Coming into college, I haven’t had as much time for videogames as I once did. Nowadays, I’m borrowing a roommate’s PS4 to play a new game they bought or some mobile game that I can play for downtime between—and sometimes during—classes. However, that’s not to say I don’t miss the type of games I used to play. My DS Lite with Harvest Moon DS sits sadly on my desk, waiting for me to pick it up. But, as a busy college student, I don’t feel as though I can invest the time in these types of games that I could when I was younger. So, as one might have already guessed, I was hit with a good wave of nostalgia when I got my hands on Stardew Valley.

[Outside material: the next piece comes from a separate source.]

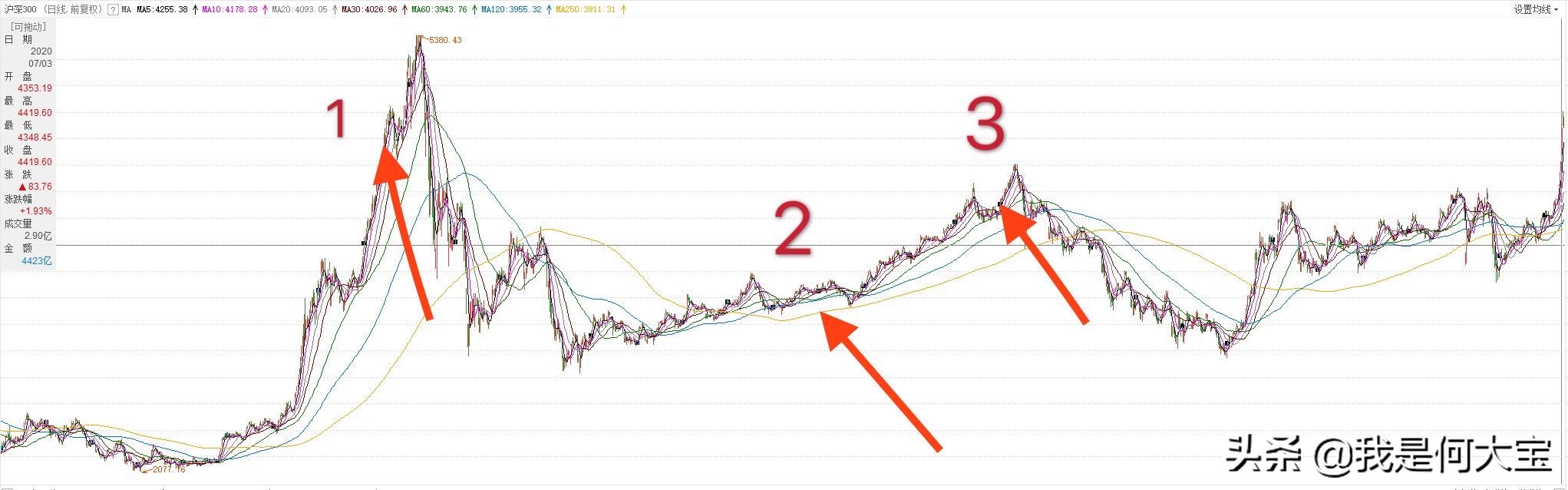 牛市更应警惕的风险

So, what is Stardew Valley? It’s a PC game in a similar vein to Harvest Moon, where your character inherits a ramshackle farm, and you must make the farm successful while also integrating yourself into the local community. This second bit might be the most fulfilling part of the game—becoming friends with villagers, fixing up the local community center (or turning it into a Jojo Mart warehouse), and making a family are just a few of the non-farming activities one can partake in. The game works on a time-based system, with each day taking roughly 10 real time minutes and with 28 days in each of the four seasons. These days aren’t all wasted work days; there are birthdays and events that take place on certain days, and villagers have weekly schedules that can also vary with the weather.

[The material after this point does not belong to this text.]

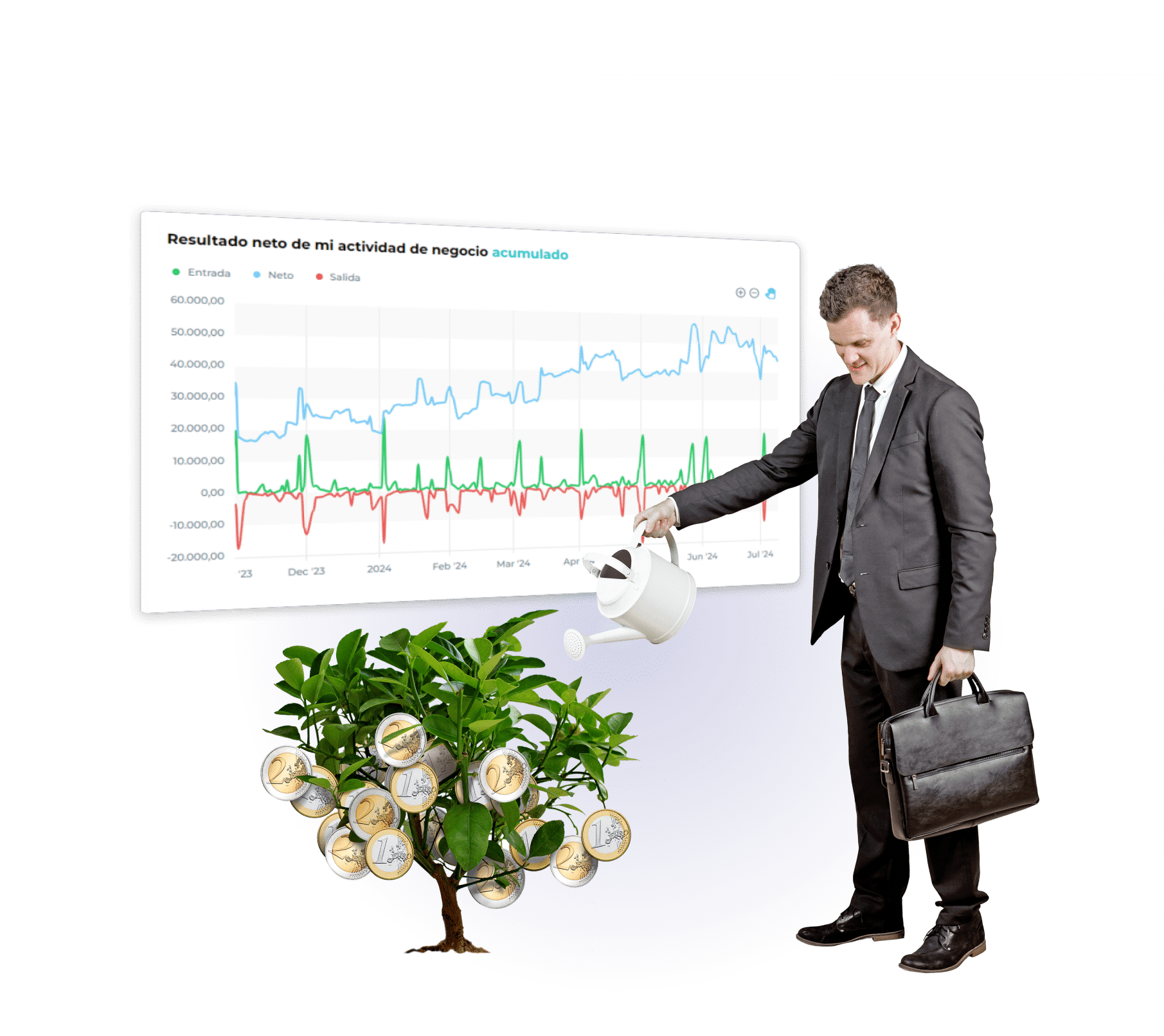 asfin asesor financiero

So, as far as I’ve written, I’ve described Stardew Valley as a Harvest Moon clone, which, honestly, it kind of is. However, that’s not necessarily a bad thing. The game’s creator understood the strong and weak points of those games and used those to his advantage. The fishing system is now a much less tedious, skill-based mini game. The time curve in many aspects is much kinder in Stardew Valley, allowing you to automate your farm through sprinklers and feeders much faster than any Harvest Moon game I’ve played. Additionally, the ability to craft and place items wherever you’d like allows for more personalized farms that can better cater to the player’s style. For example, I focused on making artisanal goods like wine and cheese for income while my friend would invest in maximizing their farming, which the new level/perk system helps with in promoting diversity in play.

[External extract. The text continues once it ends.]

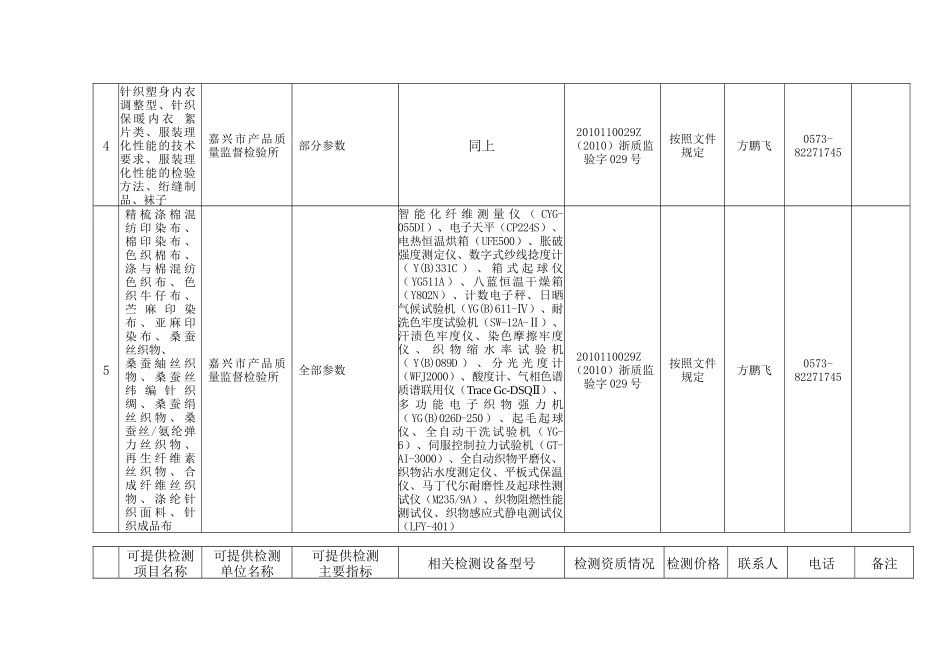 嘉兴市技术检测服务资源汇总表_第3页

I mentioned the game’s creator before, but I should actually describe him as the sole creator. One man, Eric Barone, created the game that captured the best aspects of Harvest Moon that the newer titles haven’t captured well—for example, having clear regimented goals. In Stardew Valley, there is a clear list of items to acquire to improve your farm and fix the community center, with quests to unlock areas around the town, which stands in contrast to the obfuscated method of blind play—provided you don’t use a walkthrough—present in Harvest Moon. And as I mentioned before, Stardew Valley is much kinder to your patience and time. While it certainly makes the game easier that your buildings can’t be destroyed and your animals can’t be killed, I think that’s a fair alternative to Harvest Moon, where it could take a whole in-game year to replace your barn and get your friendship levels with your animals to the same level. I don’t want to seem like a lazy so-and-so, but wasting about 18 hours to get to the same point I was at before just doesn’t appeal to me.
But I think the best part of Stardew Valley is being able to talk about my farm and strategies with friends who also own it. This promotes a real life social aspect to the game that I was never able to get out of Harvest Moon growing up—which, to be fair, was not the fault of the game. But with a cooperative addition to Stardew Valley coming soon, this will create a larger gap in the differences between the two games. For only $15, I got an incredibly entertaining game that not only sated my nostalgia, but also my gaming bug. Even my friends that had not played Harvest Moon before love the game, telling me that Stardew Valley stands on its own as a good experience and not just an attempt at being a hollow copy of a childhood classic. With tuned and tight gameplay, which can be played in a realistic and rewarding time frame, Stardew Valley is a must-buy for those looking for a relaxing, casual experience—but be prepared for the struggle of saying, “maybe I’ll just go for one more day.”